Chapter 26
Dej and Kir reached the clanless camp late the next afternoon. At the top of a wide defile cut by a tumbling stream, so steep they had to dismount, the path opened out into a shallow bowl surrounded by mountains. Huts clustered round the stream, built of rough-piled stone with ragged thatched roofs and no windows.
As Dej and Kir dismounted, three figures strode out from the biggest, central hut. Or rather two strode; the third, whom they flanked, moved in a tight, efficient hobble, leaning on a stick. Dej was shocked: an animus kept you healthy, even healing broken bones. But these were the clanless.

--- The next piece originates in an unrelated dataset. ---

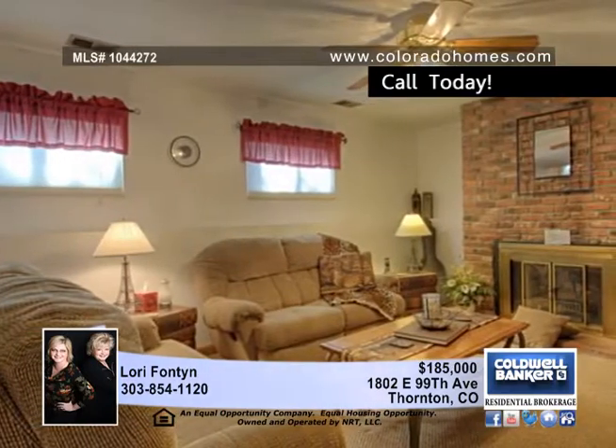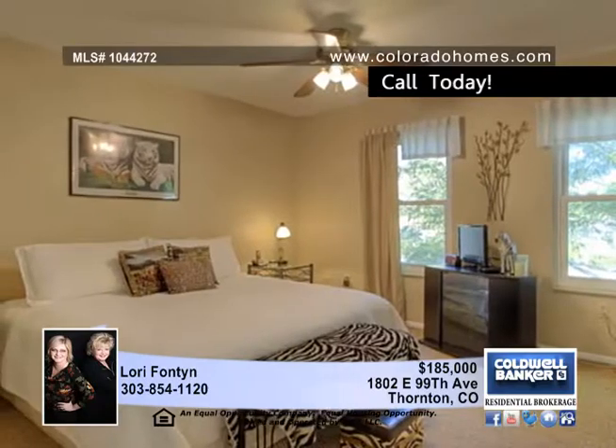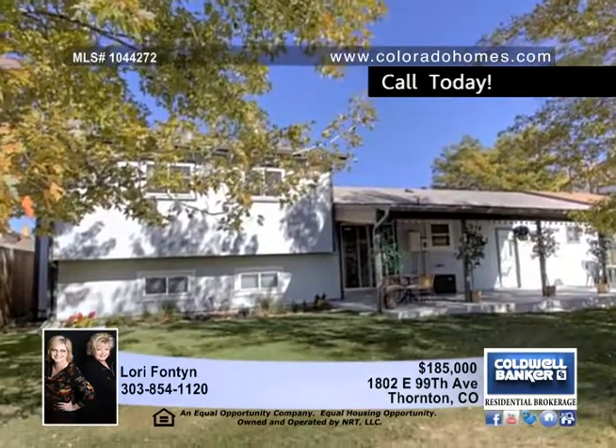Enjoy a bright and sunny Eden area overlooking the covered patio in the backyard. A clean, wide kitchen, cozy family room with fireplace, a relaxing master bedroom, two baths, and a barbecue backyard are just a few of the outstanding qualities of this Thornton home.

“Go meet her,” murmured Kir. Leaving Kir with the beast, Dej went forward. As she did so more people emerged, staring at her. She made herself walk tall and slow. The woman flanked by the guards was old. With no hair and skin that didn’t wrinkle it was hard to tell, but something about her jarred Dej’s new senses. The crèche taught that a bonded skykin lived life to the full, then passed on their animus and died, before the infirmities of old age set in. This woman could not have long to live.
Dej wondered if she was expected to make some gesture of respect, and settled on bowing her head, then waiting for the old woman to speak.

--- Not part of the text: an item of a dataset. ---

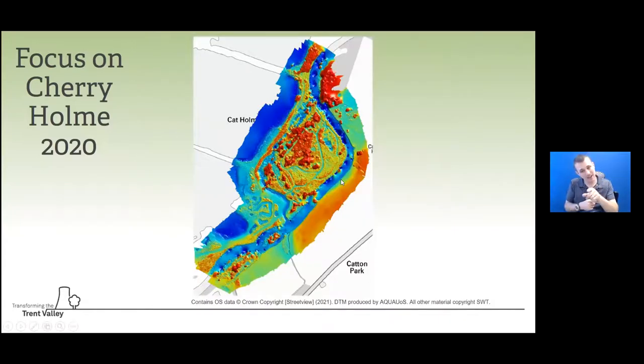This is the digital terrain model for Cherry Holm - the red areas are trees on the island, then grassland, and the dark blue is where water is coming through the channel. We can take a cross-section across the new channel to show its profile or shape, run it through a model to predict how it will behave in different flood events, and then check whether that section changes in future digital terrain model surveys. This is some really valuable capability.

The elder hobbled right up to her. “I’m Mar. What can you do?” The woman’s breath was rancid, and she stank of sweat and age. This person was wrong, broken.
“Do, mam?”
“Yes. Did your animus give you anything of use?”
“I know what’s safe to eat.”
“Good. You’d die otherwise. Anything else?”
“I know where people are, and when I’m close up I get a feel for their mood.”
“Of course you do. Everyone gets that.”
“And I can sense direction.”
“Hmm. Another one. Well, come with me.” Mar turned and hobbled off. Dej followed, flanked by the two guards, neither of whom looked her way.
The old woman led her into the hut, which had to be ten times the size of any of the others. Smoke drifted into shadowed rafters. The only furniture in the central space was a backless seat behind the hearth. Dej jumped when she saw a man standing in the gloom beside the seat, younger but with an air of authority.
“Fetch a belt,” commanded Mar, and one of her guards disappeared into a curtained alcove at the back of the hut. Dej tried to relax. The way the man by the seat looked at her didn’t help.
The guard came back with a strip of leather. Dej let him tie the belt around her head, covering her eyes. They turned her around, several times one way, several the other.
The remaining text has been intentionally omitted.